No caso do Brasil, o relatório apontou que o governo reduziu o número de investigações e processos relacionados ao tráfico humano em comparação com anos anteriores, além de os tribunais terem relatado menos condenações iniciais. Ainda que tenha reconhecido iniciativas relevantes, como a continuidade de programas de fiscalização, o documento destaca que o país precisa ampliar sua atuação para evitar sanções adicionais por parte dos Estados Unidos. Já sobre a África do Sul, o texto citou a criação da primeira força-tarefa subprovincial e o aumento de condenações contra traficantes, mas ressaltou que houve queda no número de vítimas identificadas e casos investigados.

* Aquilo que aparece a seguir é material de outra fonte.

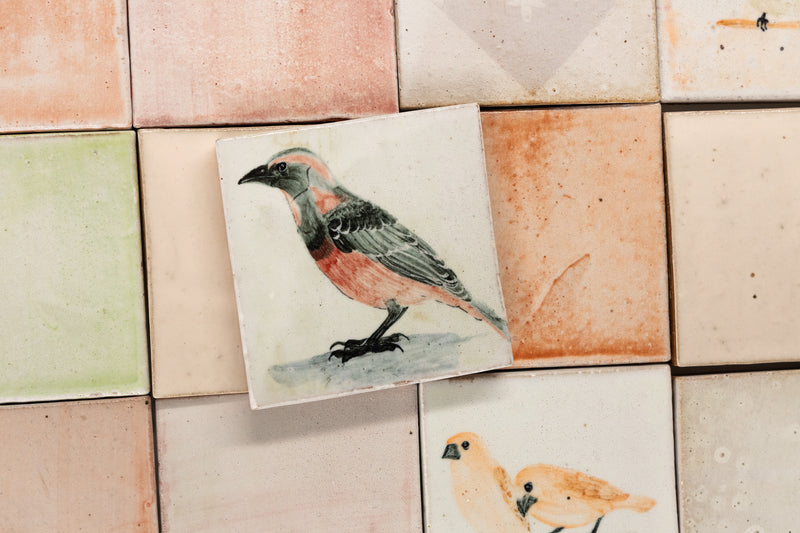 Blend of Hand-Painted Birds on Square Tiles - JAKJAK_EX_18B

A administração Trump reforçou que a decisão faz parte de uma política mais ampla de defesa de valores americanos e combate a regimes considerados hostis. O secretário de Estado, Marco Rubio, classificou o tráfico humano como um “crime devastador” que fortalece organizações criminosas e ameaça a segurança nacional dos EUA. Paralelamente, membros do Congresso expressaram preocupação com o atraso de quase três meses na divulgação do relatório, atribuído à redução de mais de 1.300 funcionários no Departamento de Estado, o que diminuiu drasticamente a equipe responsável pela elaboração do TIP.